» **WHAT YOU SHOULD DO**: Scan the records below. Copy every line in which the word "dress" appears.

» **Caption-style text data**:
------------
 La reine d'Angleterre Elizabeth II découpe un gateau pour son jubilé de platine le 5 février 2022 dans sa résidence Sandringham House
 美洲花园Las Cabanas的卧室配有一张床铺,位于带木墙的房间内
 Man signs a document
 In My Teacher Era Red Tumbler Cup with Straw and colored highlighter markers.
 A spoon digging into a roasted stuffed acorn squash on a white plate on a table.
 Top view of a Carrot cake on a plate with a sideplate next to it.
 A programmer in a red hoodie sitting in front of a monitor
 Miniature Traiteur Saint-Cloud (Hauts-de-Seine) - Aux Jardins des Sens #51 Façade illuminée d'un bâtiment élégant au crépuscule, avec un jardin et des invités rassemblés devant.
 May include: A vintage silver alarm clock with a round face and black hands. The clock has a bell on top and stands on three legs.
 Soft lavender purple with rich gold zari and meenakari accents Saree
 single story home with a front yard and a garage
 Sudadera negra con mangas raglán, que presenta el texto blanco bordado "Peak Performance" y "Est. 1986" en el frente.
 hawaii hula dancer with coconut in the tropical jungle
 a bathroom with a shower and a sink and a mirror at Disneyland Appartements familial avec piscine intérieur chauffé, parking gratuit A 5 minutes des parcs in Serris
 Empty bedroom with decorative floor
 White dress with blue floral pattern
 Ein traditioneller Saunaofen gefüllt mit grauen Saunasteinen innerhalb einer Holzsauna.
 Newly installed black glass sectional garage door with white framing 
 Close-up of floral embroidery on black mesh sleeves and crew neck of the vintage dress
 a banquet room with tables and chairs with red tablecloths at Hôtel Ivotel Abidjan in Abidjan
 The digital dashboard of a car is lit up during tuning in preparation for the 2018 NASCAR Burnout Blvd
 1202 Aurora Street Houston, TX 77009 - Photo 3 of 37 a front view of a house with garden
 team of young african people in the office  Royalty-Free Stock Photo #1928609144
------------
» **RESULT BELOW**:
 White dress with blue floral pattern
 Close-up of floral embroidery on black mesh sleeves and crew neck of the vintage dress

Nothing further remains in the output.